Perhaps the ms_search method could just return something like this: "where(id: hit_ids)"
In this case, correct me if I'm missing something, I think the pagination might not be necessary in this gem at all, it could be handled externally.
For example:
Article.ms_search('awesome').joins(:user).merge(User.admin).page(3).per(10)
would be equivalent to:
Article.where(id: [1, 10, 15]).joins(:user).merge(User.admin).page(3).per(10)
Other
- I consider this issue is related to:
- Issue #340 - Polymorphic shared indexes: The discussion is about an option to search an index and return a polymorphic collection with results from multiple models.

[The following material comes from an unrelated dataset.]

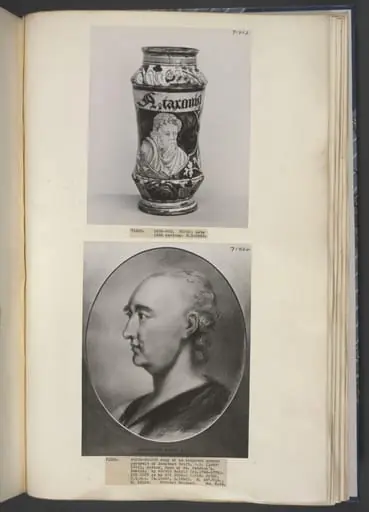 Jonathan Swift, the Dean of St. Patrick's (1667-1745), by Thomas Alfred Jones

- Issue #341 - Index-first search: The discussion is about the fact "the starting point of any search is a Rails model, which is not conducive to things like shared indexes or multiple indexes". It proposes the creation of a new type of resource in a Rails app called an index, capable of returning polymorphic results (AnimalIndex.search returns Cats and Dogs).
- Issue #364 - Support for multiple searches of the same index in Multi Search
- Issue #389 - Support federated search: The federated multi-search makes it possible to use a single pagination for different models. The support for pagination backends (Kaminari and will_paginate) is missing at FederatedSearchResult.
- PR #391 - Allow custom group names in multi search
- PR #393 - Add federated search
Regarding the idea of abandoning pagination, I wonder if it will perform well, since the raw search results would include all items. Perhaps using displayed_attributes [:id] is sufficient.
What do you think guys?
Examples:
Video.ms_search('', sort: ['name:desc']).where('id < 50').page(1).per(1).first.id
=> 48
Video.ms_search('', sort: ['name:asc']).where('id < 50').page(1).per(1).first.id
=> 47
@ellnix @brunoocasali
I imagine something like this for the multisearch:
search_result = MeiliSearch::Rails.multi_search(
indexes: {
media: {
queries: {
audios: {
q: 'Michael Jackson',
collection: Audio.user(user),
filter: ['bitrate > 180000'],
page: 3
},
videos: {
q: 'Michael Jackson',
collection: Video.user(user),
filter: ['height >= 1080'], page: 8
}
}
},
shows: {
q: 'Michael Jackson',
collection: Show.all, # Can be the default value
filter: ['alone = TRUE'],
page: 3
}
},
)
audios = search_result.matches[:media][:audios] # Audio::ActiveRecord_Relation
videos = search_result.matches[:media][:videos] # Video::ActiveRecord_Relation
shows = search_result.matches[:shows] # Show::ActiveRecord_Relation
search_result = MeiliSearch::Rails.federated_search(
indexes: {
media: {
queries: {
audios: {
q: 'Michael Jackson',
collection: Audio.user(user),
filter: ['bitrate > 180000']
},
videos: {
q: 'Michael Jackson',
collection: Video.user(user),
filter: ['height >= 1080']
}
}
},
shows: {
q: 'Michael Jackson',
collection: Show.all,
filter: nil
}
},
page: 3
)
matches = search_result.matches
Regarding the idea of abandoning pagination, I wonder if it will perform well, since the raw search results would include all items. Perhaps using displayed_attributes [:id] is sufficient.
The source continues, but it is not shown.